Permítanme, por favor, que hoy hable de la ley

Roberto Blanco Valdés
Roberto L. Blanco Valdés EL OJO PÚBLICO

OPINIÓN

26 nov 2014 . Actualizado a las 05:00 h.

Durante las últimas semanas, con motivo del referendo ilegal celebrado en Cataluña, hemos oído sobre la ley, y el respeto que se le debe en democracia, cosas expresivas de una ideología extremadamente peligrosa: que las leyes -al parecer, solo una molestia con la que enredamos unos supuestos fundamentalistas del derecho-, son perfectamente prescindibles, pues su respeto resulta un elemento socialmente tangencial y poco relevante, que debe estar subordinado al superior interés de la política. Hasta tal punto ha llegado esta banalización de la ley que quienes creemos que su respeto es uno de los rasgos principales que distinguen a las sociedades civilizadas de las bárbaras, estamos obligados a proclamarlo en voz bien alta, no vaya a ser que la gente acabe por pensar, de buena fe, que quienes defendemos el imperio de la ley lo hacemos por deformación profesional.

Pues la verdad es que la ley moderna nace entre finales del siglo XVIII y principios del XIX como defensa de los desposeídos frente a los tiranos; y va convirtiéndose después, con el avance de la democratización, en el gran instrumento de lucha por la libertad y la igualdad. No hay un solo progreso histórico que no se haya visto reflejado en una ley, desde el sufragio universal a los derechos sociales y económicos, pasando por la libertad de prensa o la igualdad entre hombres y mujeres.
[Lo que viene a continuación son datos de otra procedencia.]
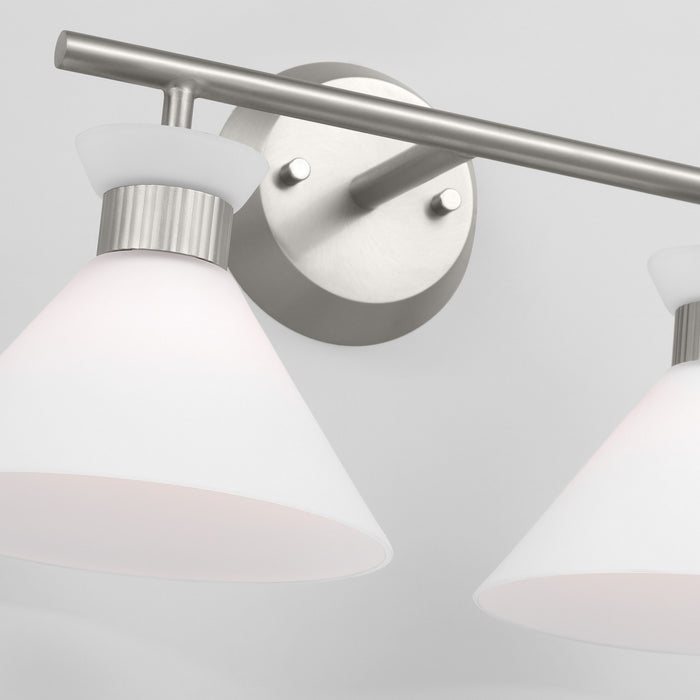 Visual Comfort Studio DJV1012BS Two Light Bath, Brushed Steel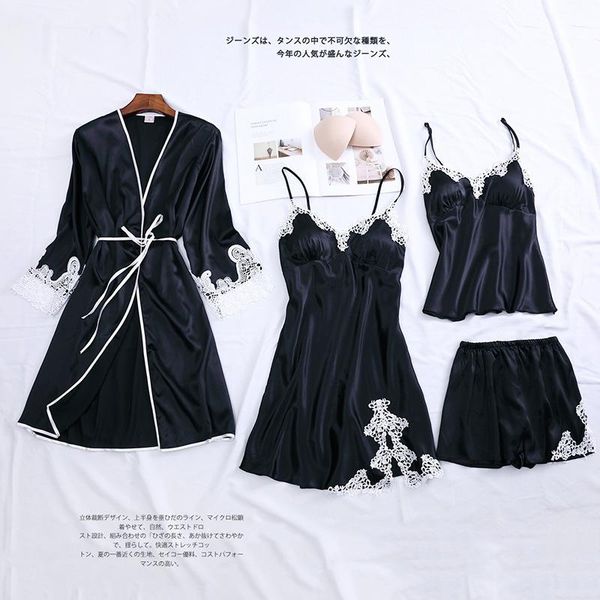 

women's sleepwear wedding robe satin 4pcs sleep suit intimate lingerie women bride bridesmaid kimono nightwear bathrobe gown casual, Black;red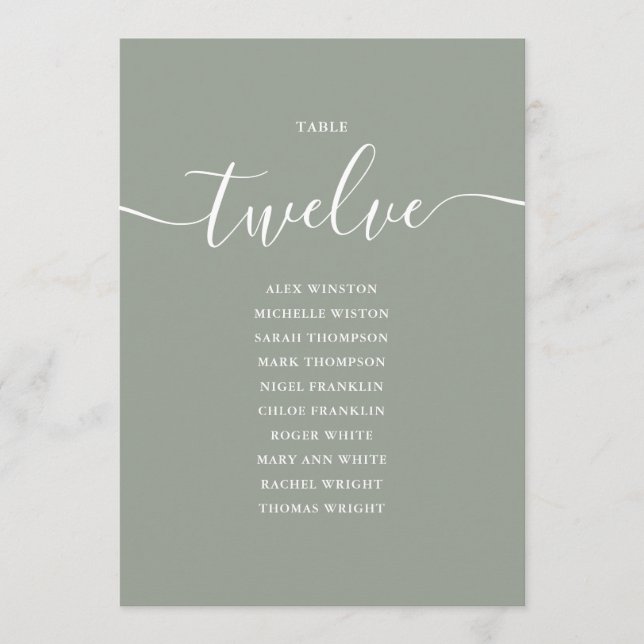 Sagegrön Skript Bord Nummer 12 Sittplatskarta Inbjudningar (Framsida)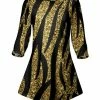 Lily | Black & Gold Zebra Stripes Boatneck Tunic - Women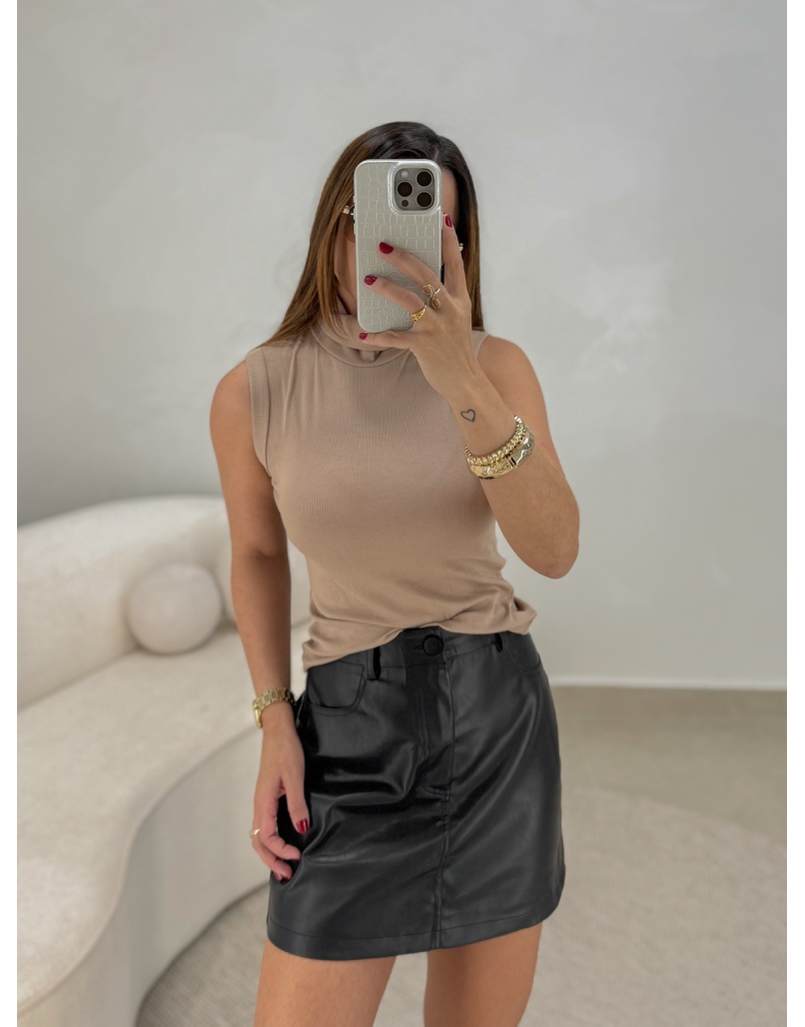 Blusa Regata Gola Alta Cappuccino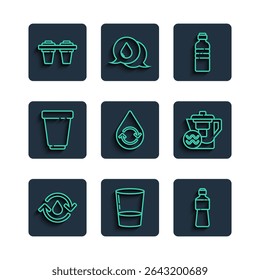 Set line Recycle clean aqua, Glass with water, Bottle of, Water filter cartridge,  and jug icon. Vector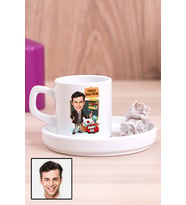 Erkek Türkçe Öğretmenine Özel Hediye Karikatürlü Concept Türk Kahvesi Fincanı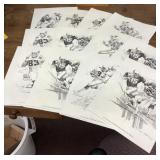 12 St. Louis football Cardinal prints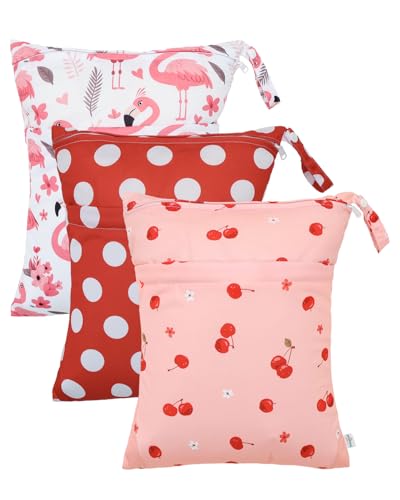 babygoal Wet Dry Bags 3 Pack, Waterproof Travel Bags for Swimsuits, Beach, Pool, Gym,Food Storage and Wet Clothes(Cherry,Flamingo,Polka Dot),3LN42-B - color: Girl color 42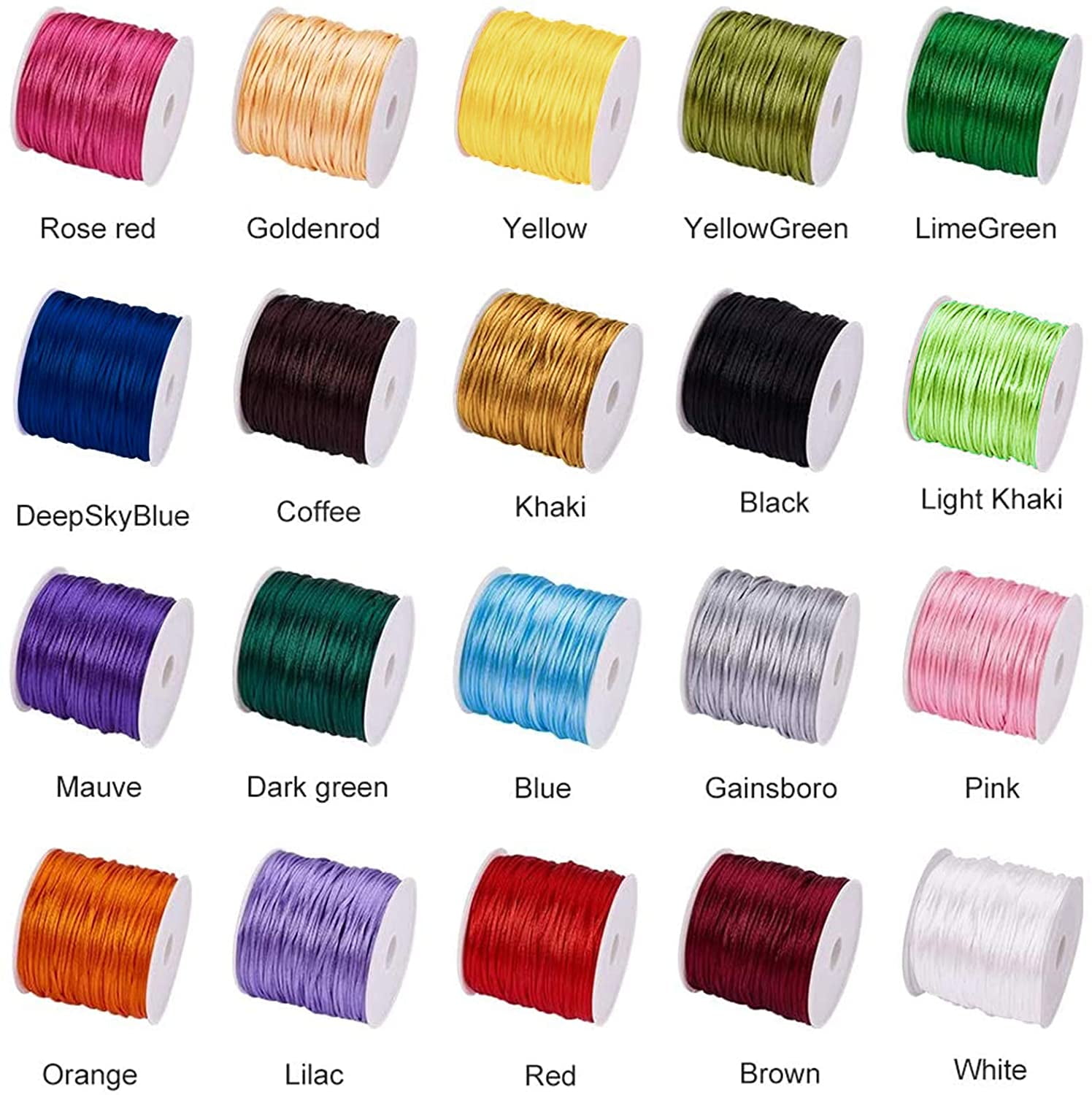 20 Colors 600 Yards 1mm Rattail Satin Nylon Trim Cord Silk Cord Beading String for Necklace Bracelet Beading Macramé Kumihimo Chinese Knot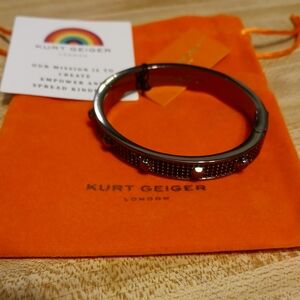 Kurt Geiger NWT Gunmetal & Black Rhinestone Bracelet W/Dustbag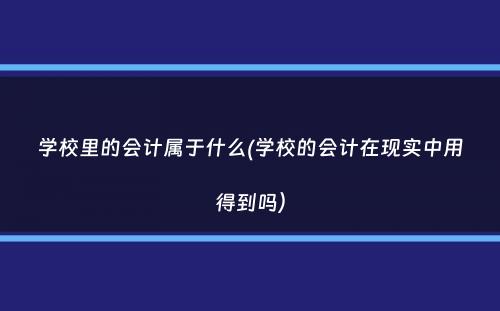 学校里的会计属于什么(学校的会计在现实中用得到吗）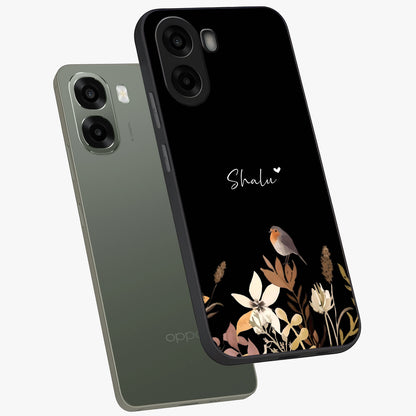 Quiet Garden Tune Custom Name Glass Case displayed in angled mockup highlighting delicate floral garden design with custom name feature.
Ni hay tampoco una sola época negra en la evolución humana (desde el estalinismo a los fascismos) que no se haya basado en el absoluto desprecio de la ley.

La ley es hoy el único medio de evitar que los que tienen menos poder, fuerza o inteligencia, puedan resistir, sin doblegarse, a los que tienen más de todo ello. La ley es la que nos permite perseguir la injusticia y los delitos y reparar a quien los sufre. La ley es la norma de convivencia que impide que la vida social sea una refriega de todos contra todos, en la que ganan siempre los más fuertes y pierden siempre los más débiles.
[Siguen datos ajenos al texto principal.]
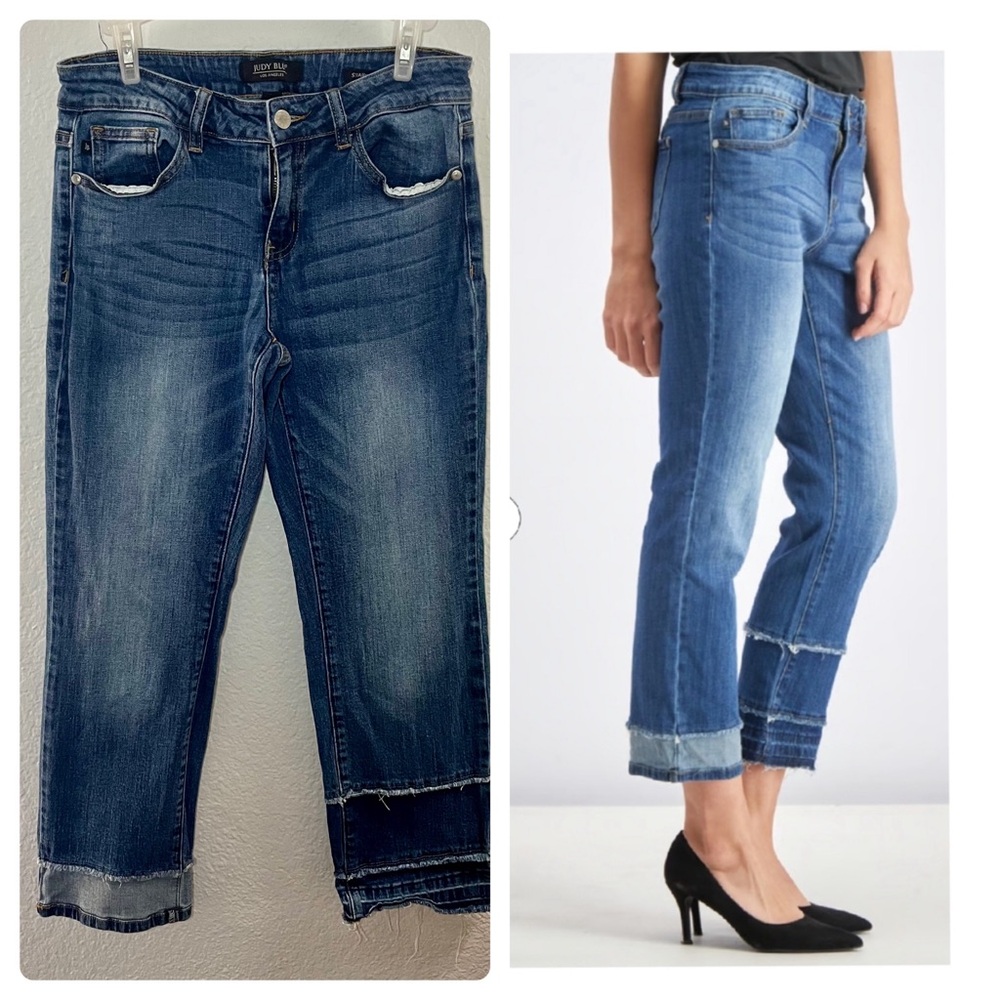Judy Blue Straight Fit Tiered Raw Hem Ankle Jeans Size 7/28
¿Se imaginan un lugar sin leyes o, lo que es igual, uno donde cada uno pueda decidir a su gusto cuando las respeta y cuando no? Es difícil de imaginar, pues toda nuestra vida gira en torno al respeto a la ley y a su consecuencia natural: la sanción que le llega antes o después a quien la viola.

Por eso, lo ocurrido en Cataluña resulta extremadamente grave para el Estado de Derecho: no solo porque allí se ha producido una violación flagrante de la las leyes, más grave aún por el hecho de proceder no de un particular sino de altas autoridades del Estado, sino porque se ha proclamado un principio desconocido en España, de 1977 para acá: que cuando la ley es un atranco para la hipotética voluntad del pueblo, la ley no vale nada. No es cosa nueva: la idea la han compartido desde hace dos siglos todos los dictadores del planeta.